U.S. District Court Judge James Mahan said it was too early to make a decision until he hears more about Poetry nightclub’s claims of corporate racial bias against Caesars Palace, the Forum Shops and property owner Simon Property Group Inc.
“There’s enough here that it survives a motion to dismiss,” Mahan said from the bench at the end of a one-hour procedural hearing. The judge said that the civil lawsuit was still in early pleading stages, and called for written motions before scheduling more arguments.
Club owner Phase II Chin LLC, in a civil lawsuit filed Feb. 7, 2008, seeks unspecified monetary damages and orders prohibiting “racially-motivated” discrimination by the corporate entities. “They don’t want black patrons in this establishment,” club attorney Harold Gewerter told the judge Thursday. “They don’t come out and say they don’t want minority patrons in there. But they show it with their conduct.”
Caesars, Simon and the Forum Shops deny the discrimination bias claims, and lawyers argued that the case amounts to a lease contract dispute. They said Poetry was operating under an illegal sublease with the Wolfgang Puck restaurant, Chinois. “Any claims of any racial bias are outrageous and completely false,” Gary Thompson, spokesman for Caesars Palace owner Harrah’s Entertainment Inc., said in a telephone interview. “The actual facts will come out as the case proceeds.”
Lawyer Charles McCrea Jr., representing Forum Shops and Simon Properties, said there was no evidence of bias in the four breach of lease notices he said the property owners sent to Chinois. “We have a right to notify them the management contract violated the lease,” McCrae said. “Nothing in those notices alludes to race or demography.”
Caesars lawyer Steve Morris said the casino was even further removed from any relationship with the club. “There is no contract with Caesars,” Morris told the judge, arguing that without a contractual relationship between the club and the casino, there could be no bias.

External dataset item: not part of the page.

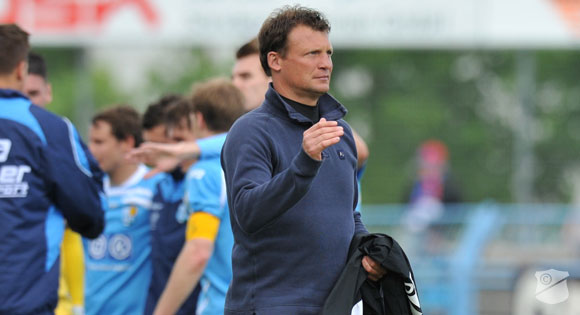 Schromm bleibt bis Saisonende Chef-Trainer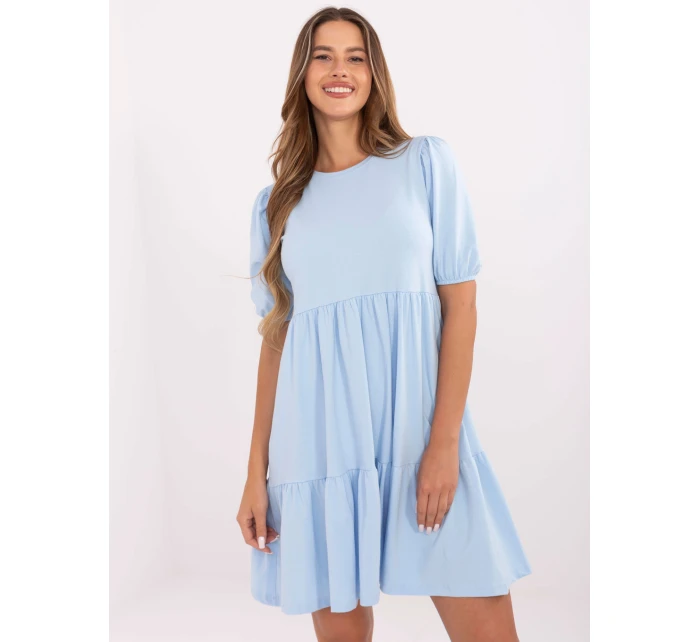 Šaty RV SK 5587.93 světle modrá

Club representatives say they have a management contract, not a sublease, to operate an after-hours club upstairs from Chinois. Gewerter argued that made the club a “third party beneficiary” of the Chinois contract with Forum Shops, Simon and Caesars.
The club, initially called OPM, opened in May 2003. The lawsuit alleges that by January 2005, Caesars, Forum Shops and Simon began “an ongoing campaign of harassment and misconduct” to force the club out.
Club manager Michael Goodwin said outside court Thursday that because his club caters to a black clientele, casino and mall managers blame it for “every negative activity in Las Vegas and around Caesars Palace having to do with African-American people.”
Goodwin denied incidents that officials cite involved club patrons, and said owners of the casino and upscale 160-store mall also imposed prohibitively expensive security requirements as a condition of allowing entry to the club through the main Forum Shops concourse-which Goodwin called “the only dignified way to enter.”
Goodwin said he employs 30 security staffers inside the club and hires four armed Las Vegas police officers per night outside the club, which is open 10 p.m. to 6 a.m. four nights a week. He said he can’t pay what he called “impossible money” for more. That means patrons in trendy club clothing have to enter by a back door and an unsightly litter-strewn service hallway.